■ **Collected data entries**
# # #
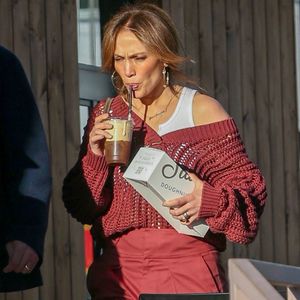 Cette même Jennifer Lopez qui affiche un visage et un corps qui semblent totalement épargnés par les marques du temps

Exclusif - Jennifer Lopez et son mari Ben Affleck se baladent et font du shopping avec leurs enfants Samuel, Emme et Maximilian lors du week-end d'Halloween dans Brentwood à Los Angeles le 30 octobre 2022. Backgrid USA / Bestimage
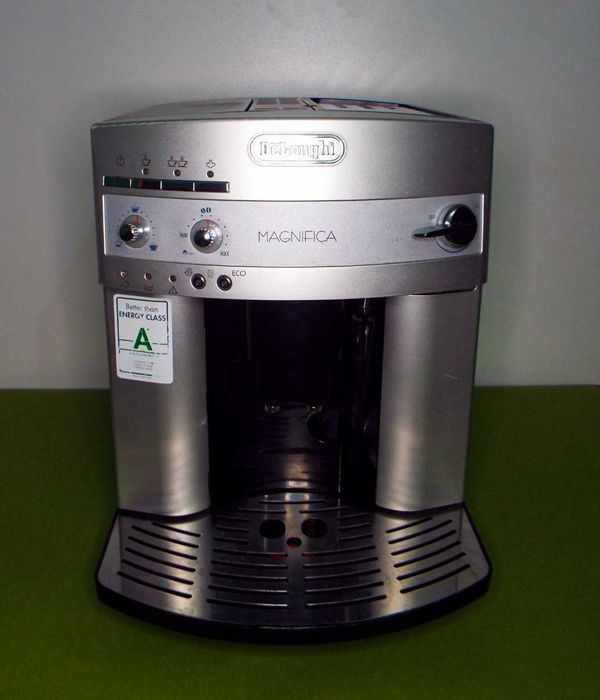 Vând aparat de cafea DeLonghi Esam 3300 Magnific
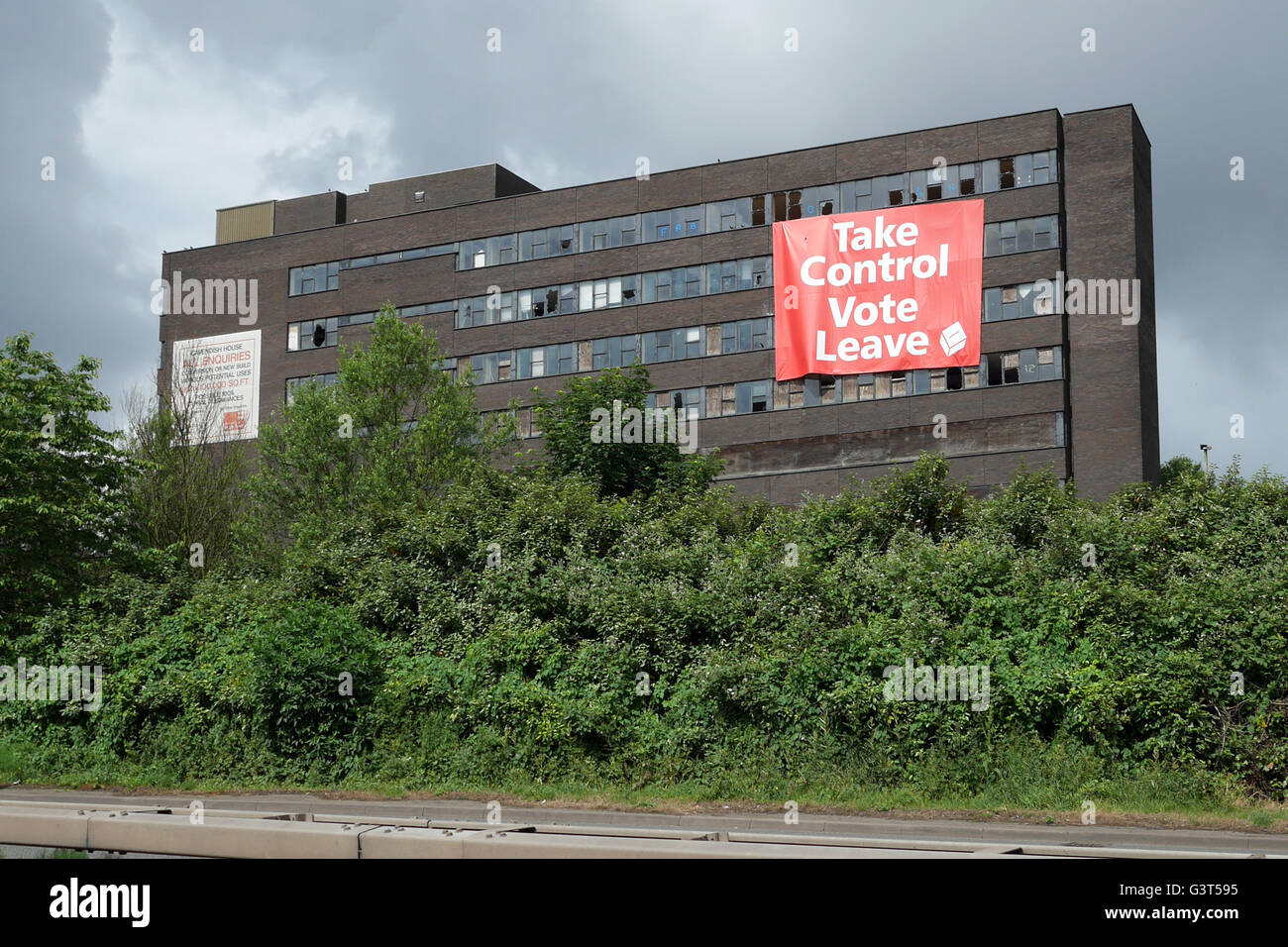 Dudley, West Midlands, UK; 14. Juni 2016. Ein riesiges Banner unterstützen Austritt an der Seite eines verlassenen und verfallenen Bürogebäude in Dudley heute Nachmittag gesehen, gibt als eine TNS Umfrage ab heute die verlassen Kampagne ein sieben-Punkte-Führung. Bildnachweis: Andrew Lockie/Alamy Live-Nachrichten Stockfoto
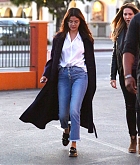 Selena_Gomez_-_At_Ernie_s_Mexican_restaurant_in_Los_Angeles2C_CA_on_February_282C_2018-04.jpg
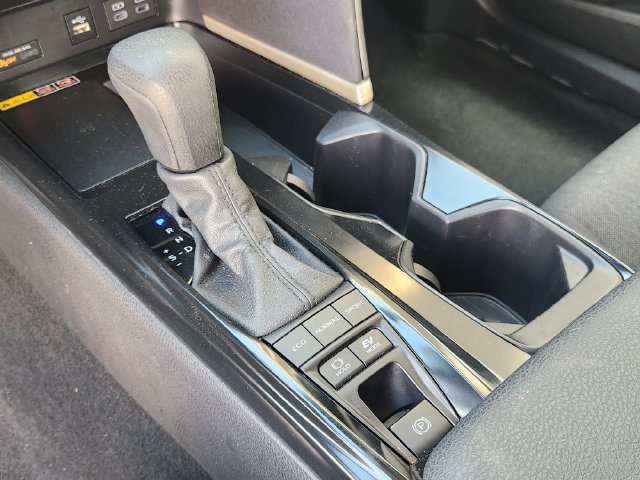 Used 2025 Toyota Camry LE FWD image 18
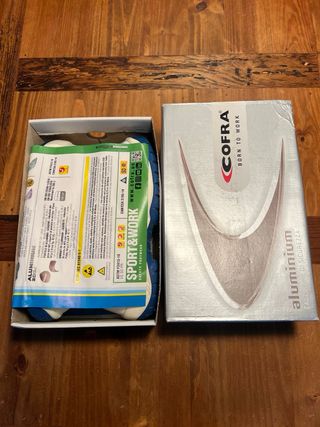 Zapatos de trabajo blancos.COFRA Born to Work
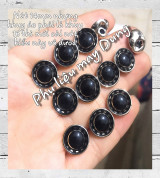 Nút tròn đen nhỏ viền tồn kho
# # #
■ **Work to complete**
Give back, exactly and with nothing added, the lines from the line with "Zapatos de trabajo" through the final line of the data, both included; leave pictures out.

■ **Response to the task**
 Zapatos de trabajo blancos.COFRA Born to Work
 Nút tròn đen nhỏ viền tồn kho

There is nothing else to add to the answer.